Stored entries
● ● ● ●
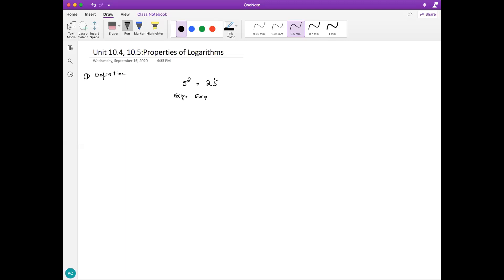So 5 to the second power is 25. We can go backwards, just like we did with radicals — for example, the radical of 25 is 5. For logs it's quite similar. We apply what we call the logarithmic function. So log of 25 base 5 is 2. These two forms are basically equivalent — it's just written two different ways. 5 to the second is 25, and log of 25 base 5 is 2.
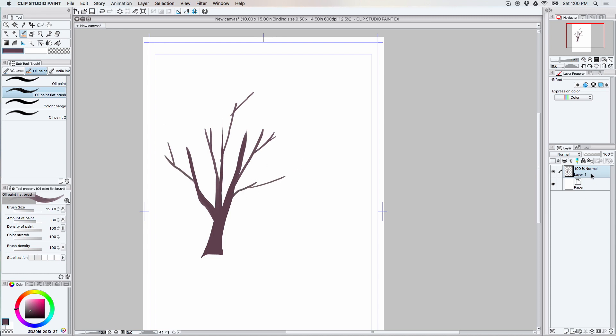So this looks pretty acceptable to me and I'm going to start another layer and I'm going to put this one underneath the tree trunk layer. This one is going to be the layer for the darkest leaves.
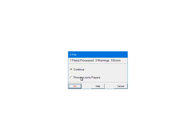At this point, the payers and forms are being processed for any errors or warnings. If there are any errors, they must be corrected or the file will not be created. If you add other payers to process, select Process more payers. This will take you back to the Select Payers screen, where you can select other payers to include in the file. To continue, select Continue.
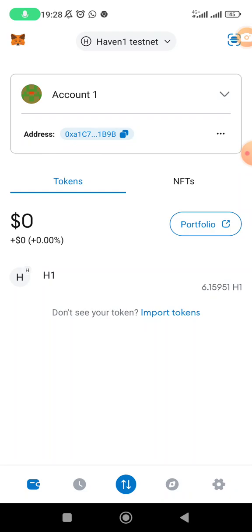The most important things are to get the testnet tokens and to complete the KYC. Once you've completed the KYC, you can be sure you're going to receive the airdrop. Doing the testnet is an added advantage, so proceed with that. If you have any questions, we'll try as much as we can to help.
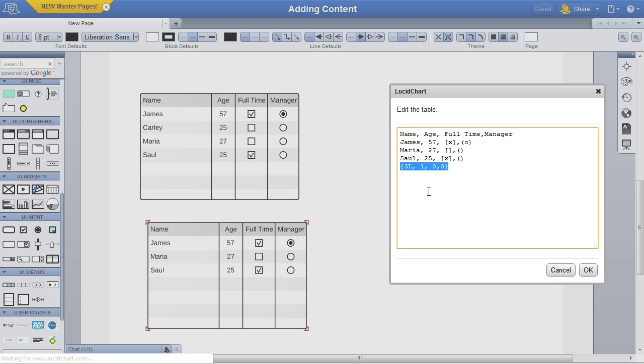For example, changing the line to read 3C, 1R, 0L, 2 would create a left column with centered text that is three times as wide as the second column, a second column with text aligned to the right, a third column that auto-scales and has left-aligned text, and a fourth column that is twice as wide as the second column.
● ● ● ●
• [Exercise objective] Take the records from their first line through the line containing "At this point, the" and please return exactly those lines, both ends included, minus the pictures.

• [Solution to this problem]
So 5 to the second power is 25. We can go backwards, just like we did with radicals — for example, the radical of 25 is 5. For logs it's quite similar. We apply what we call the logarithmic function. So log of 25 base 5 is 2. These two forms are basically equivalent — it's just written two different ways. 5 to the second is 25, and log of 25 base 5 is 2.
So this looks pretty acceptable to me and I'm going to start another layer and I'm going to put this one underneath the tree trunk layer. This one is going to be the layer for the darkest leaves.
At this point, the payers and forms are being processed for any errors or warnings. If there are any errors, they must be corrected or the file will not be created. If you add other payers to process, select Process more payers. This will take you back to the Select Payers screen, where you can select other payers to include in the file. To continue, select Continue.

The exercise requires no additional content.